ITEM 1.  SECURITY AND ISSUER.

          This Statement relates to shares of Common Stock of the Company. The
principal executive offices of the Company are located at 401 Elliott Avenue
West, Seattle, Washington 98119.

ITEM 2.  IDENTITY AND BACKGROUND.

          NFI is a wholly owned subsidiary of Nokia Corporation. The principle
executive offices of NFI are located at Strawinskylaan 3111, NL-1077ZX
Amsterdam, Postbus 1469, 10000BL Amsterdam, The Netherlands. NFI's principal
business is providing financial management services for the Nokia Group
companies.

          Nokia's principal executive offices are located at Keilalahdentie 4,
P.O. Box 226, FIN-00045 NOKIA GROUP, Finland. Nokia is a world leader in mobile
communications, having become the world's leading supplier of mobile phones and
a leading provider of mobile, fixed and Internet Protocol networks. Nokia's
shares, nominal value 0.06 euro, are listed on the Helsinki Exchanges under the
symbol "NOK1V" and American Depositary Shares ("ADS") of Nokia are traded on the
New York Stock Exchange under the symbol "NOK". Each ADS represents one share.
Nokia's shares are also traded on the Stockholm, London, Frankfurt and Paris
stock exchanges.

          Schedule 1, which is attached hereto and incorporated herein by
reference, sets forth the following information with respect to each executive
officer and director of the Reporting Persons: (i) name, (ii) business address,
(iii) citizenship and (iv) present principal occupation or employment and the
name of any corporation or other organization in which such employment is
conducted.

          During the last five years, neither the Reporting Persons nor, to the
best knowledge of the Reporting Persons, any of the persons listed in Schedule
1, (i) has been convicted in a criminal proceeding (excluding traffic violations
or similar misdemeanors) or (ii) has been a party to any civil proceeding of a
judicial or administrative body of competent jurisdiction, and is or was, as a
result of such proceeding, subject to a judgement, decree or final order
enjoining future violations of, or prohibiting or mandating activities subject
to, federal or state securities laws, or finding any violation with respect to
such laws.

ITEM 3.  SOURCE AND AMOUNT OF FUNDS OR OTHER CONSIDERATION.

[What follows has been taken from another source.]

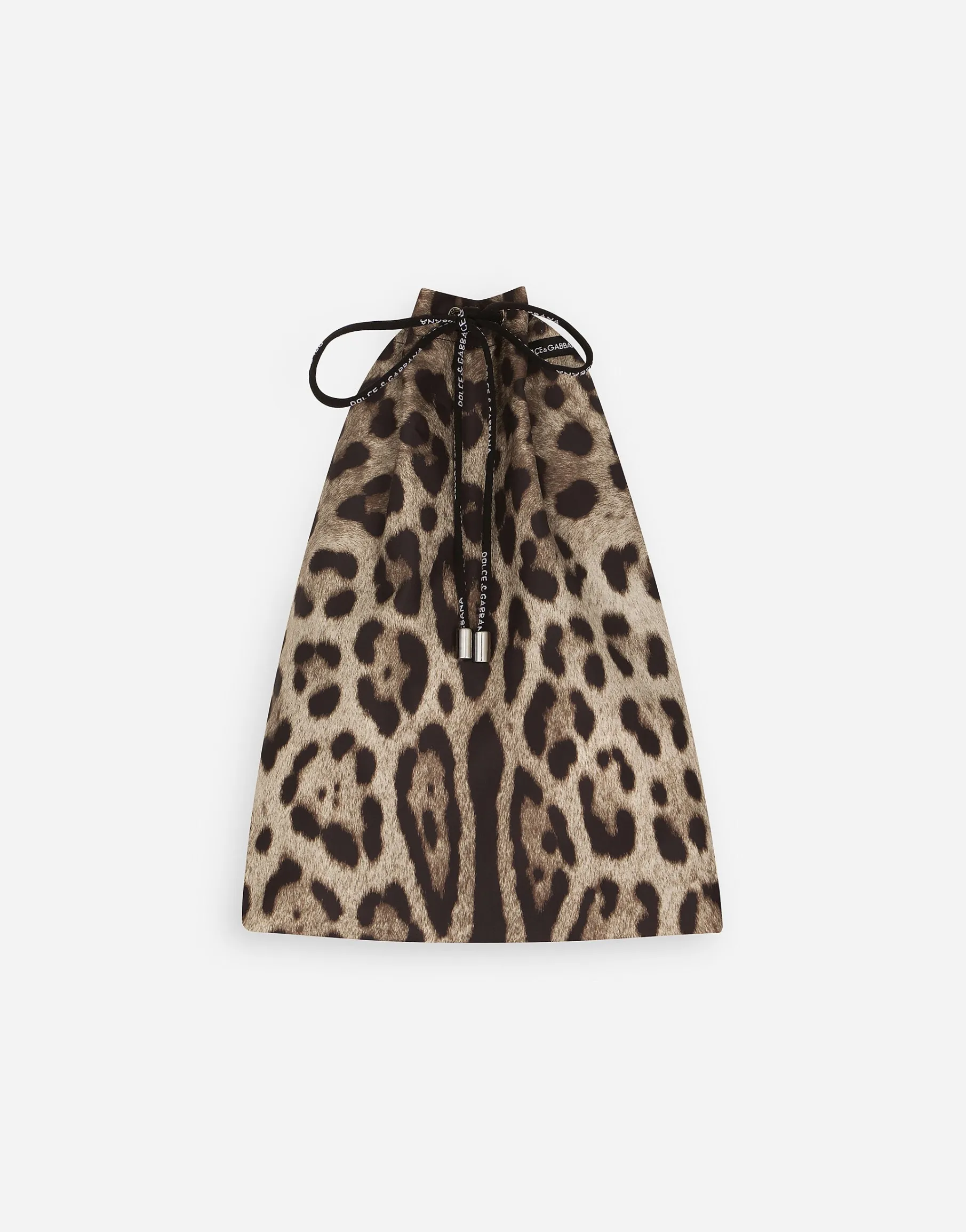 Short swim trunks with leopard print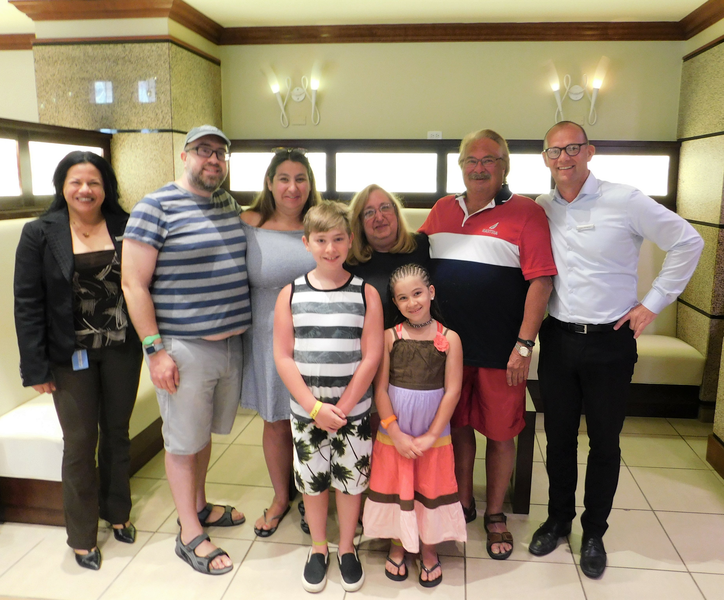 Family Weissman and Santos honored at Marriott Surf Club | Aruba.com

          The source and amount of the funds used in making the purchases of the
shares of Common Stock described herein were available working capital of NFI in
the aggregate amount of $36,678,146.69. No funds were borrowed or otherwise
obtained for the purpose of acquiring, holding, trading or voting the
securities.


                               Page 4 of 12 Pages



ITEM 4.  PURPOSE OF TRANSACTION.

          The purpose of NFI's acquisition of 2,466,421 shares of Common Stock
to which this Statement relates is to make an investment in the Company as well
as to facilitate the entry by the Company and Nokia, Inc., an affiliate of NFI,
into an OEM Software License Agreement and a Technology Development Agreement.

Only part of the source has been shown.